I’ve championed efforts on PFAS cleanups for years as West Virginia has borne the weight, and been a leader among the states, in documenting and addressing PFAS contamination. Most recently I offered a draft of bipartisan legislation alongside Senate Environment and Public Works Chairman Thomas R. Carper, D-Del., for public input. We received hundreds of comments from local and state government, industrial, utility, and environmental stakeholders, and the message repeated more than any other was this: The polluters should pay for the cleanup, not taxpayers or utility ratepayers.

The law that most clearly enshrines the “polluter pays” principle and will be essential to addressing PFAS pollution is the Comprehensive Environmental Response, Compensation, and Liability Act (CERCLA). However, CERCLA, which was enacted more than 40 years ago, was designed to address one hazardous substance at a time and assumed contamination in specific sites. It was not written to address a challenge like PFAS, a group of thousands of chemicals that can be found in the environment almost anywhere you look.

Without getting too technical, CERCLA imposes broad legal liabilities that can impact nearly anyone who interacted with a regulated substance whether they knew they were doing so or not. That means activist lawyers can go after homeowners, businesses, local governments, and others even if they were unaware they had contamination on their property.

As the EPA begins the process of regulating the first PFAS chemicals under CERCLA, it can quickly devolve into quite the mess for folks who had nothing to with creating the pollution in the first place, especially since we’re dealing with a substance as widespread and long-lasting as PFAS.

Across the nation, passive receivers such as clean water utilities and recyclers are tasked with the collection, management, treatment, and sustainable reuse of vast volumes of water and waste that may contain PFAS. Because of the breadth of liability under CERCLA, these entities and others, including volunteer fire departments, could be targeted with frivolous lawsuits just for providing the vital services that underpin our modern society.

Meanwhile, companies that manufactured or used PFAS in their products and reaped profits from their sale are often not covered by CERCLA as they do not ultimately “dispose” of the substances.

All of this means that if Congress does not act, future regulation under CERCLA may lead to a wave of lawsuits that will raise taxes and utility rates on millions of Americans, while only enriching trial attorneys and allowing the actual polluters off the hook. Worse, this will do nothing to actually address the contamination and may even financially weaken those same passive receivers charged with doing that mitigation work.

The EPA has signaled its intent to employ its enforcement discretion under CERCLA to target polluters and safeguard utilities from this unjust outcome.
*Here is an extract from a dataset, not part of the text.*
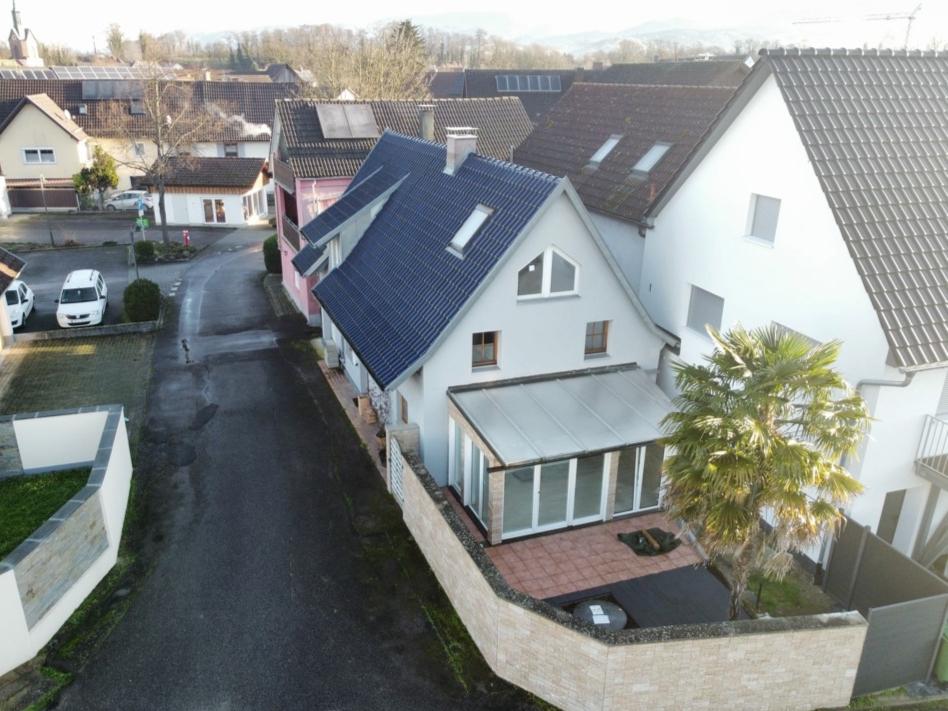 Immobilie in Renchen -  - Bild 1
While this is welcome, it does nothing about potential lawsuits and the legal uncertainty that follows. 

Some attorneys groups, often with the support of environmental groups that have made a business of suing businesses and state and local governments, are calling on their allies in Congress to ignore the majority of comments we received on our draft legislation and reject commonsense proposals that would ensure the concept of “polluter pays” continues to apply as we address PFAS.
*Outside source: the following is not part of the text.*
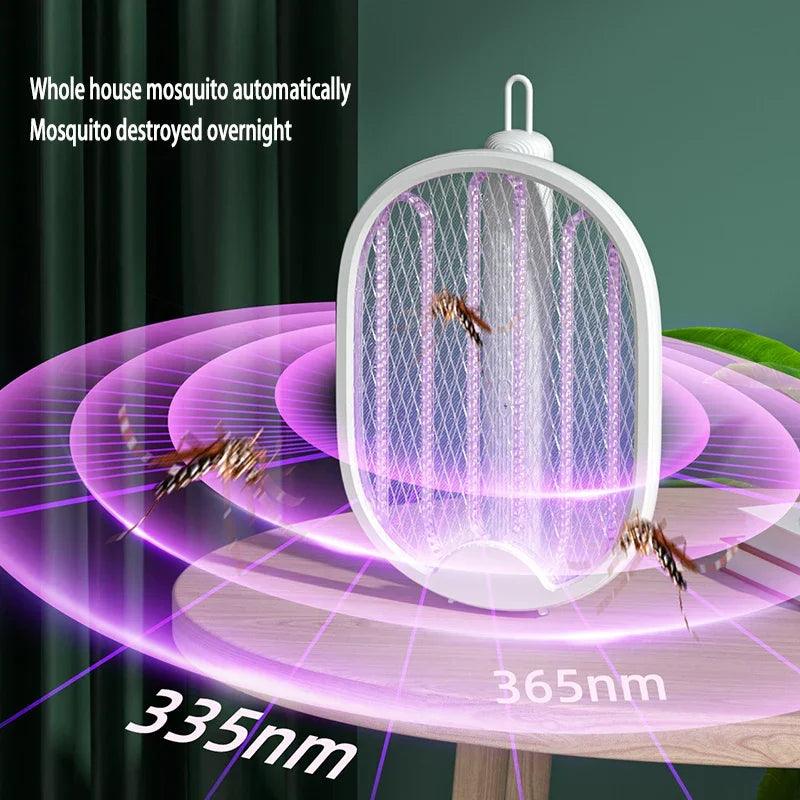 Electric Mosquito Killer -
Targeted relief for passive receivers will protect Americans from unsustainable cost increases in vital services like drinking and wastewater treatment, recycling, and garbage collection caused by a tidal wave of CERCLA lawsuits. 

As we provide these protections for consumers, the federal government must also define the scope of the problem and work with the private sector to invest in solutions to find, treat, and destroy PFAS for good, instead of passing the buck to future generations.

I am proud our draft legislation does just that, with a clear definition of PFAS and significant new investments to get these chemicals out of the environment.

If we care about protecting our families from the health and environmental threats of PFAS in our air, water, and soil, we must support a “polluter pays” model and develop real solutions that actually address contamination. 

Together, we can strike the right balance that keeps our children and grandchildren safe, and does not slam American households already dealing with cost of living challenges with higher taxes and utility rates.